Fiction: 'A Raft' by Charlie Human
Tuesday, February 18, 2014
“You are so pale, Sir Reginald,” Miss Tate says through her purpled lips. “Are you ill?”
The raft pitches on the water. The expanse of the sea is like a great mouth waiting to swallow us forever.
“A slight fever, madam,” Sir Reginald says in his stiff, formal way. “Nothing more.”
On this raft we all have our place. Mr. Baines, bald and stout, is ministering to the needs of our souls. “Mystical revelation!” he shouts at the burnt sky. “The seven veils are lifting and the Kingdom of Heaven is revealed!”
We float on the endless black pool, nothing stirring except romance. Star-crossed lovers, Miss Tate and Sir Reginald, unable to move to console one another in the hour of their greatest need. A proposal then! Called clearly across the crush of poor lost souls. A marriage! A marriage under a dark, soot-filled sky.
“Sir, I have no dowry. My mother is a kitchen maid. Do not embarrass me for your own sport,” Miss Tate cries. The water has made her white dress sheer. I try, and fail, to avert my eyes.

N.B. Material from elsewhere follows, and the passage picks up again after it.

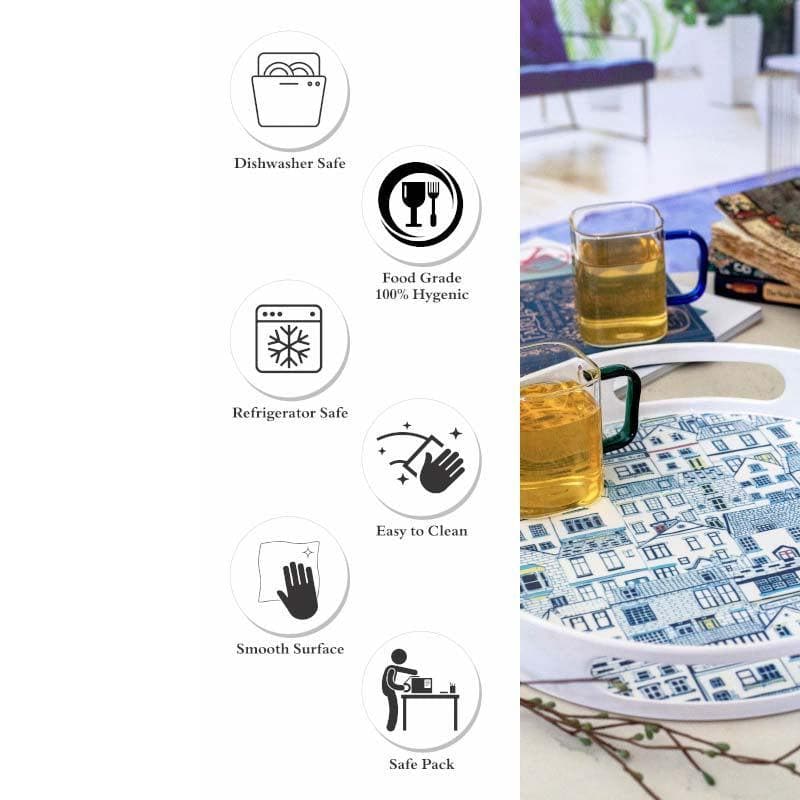 Blue City Round Serving Tray media 5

Sir Reginald will hear none of her protests. “We need not consider marrying for money, land or status,” he says. He has a military air that commands us. His red hair is plastered across his forehead and yet he still looks regal. “We are beyond the constraints of birth and circumstance,” he says to the crowd. “Out here we are free to follow our hearts and marry for love!” His speech moves us all. We feel their love like it is a flame.
Mr. Baines, his small round face solemn but his eyes burning with fervor, officiates the ceremony. “The Beast has done his worst,” his voice, filled with spiritual authority, calls out across the waves. “He has spat fire and sulphur into the air and covered the sun! He has usurped Poseidon himself and sent waves thundering across the deep. But here we have hope, a spark grown into a fire; the joining of a man and woman in holy matrimony.”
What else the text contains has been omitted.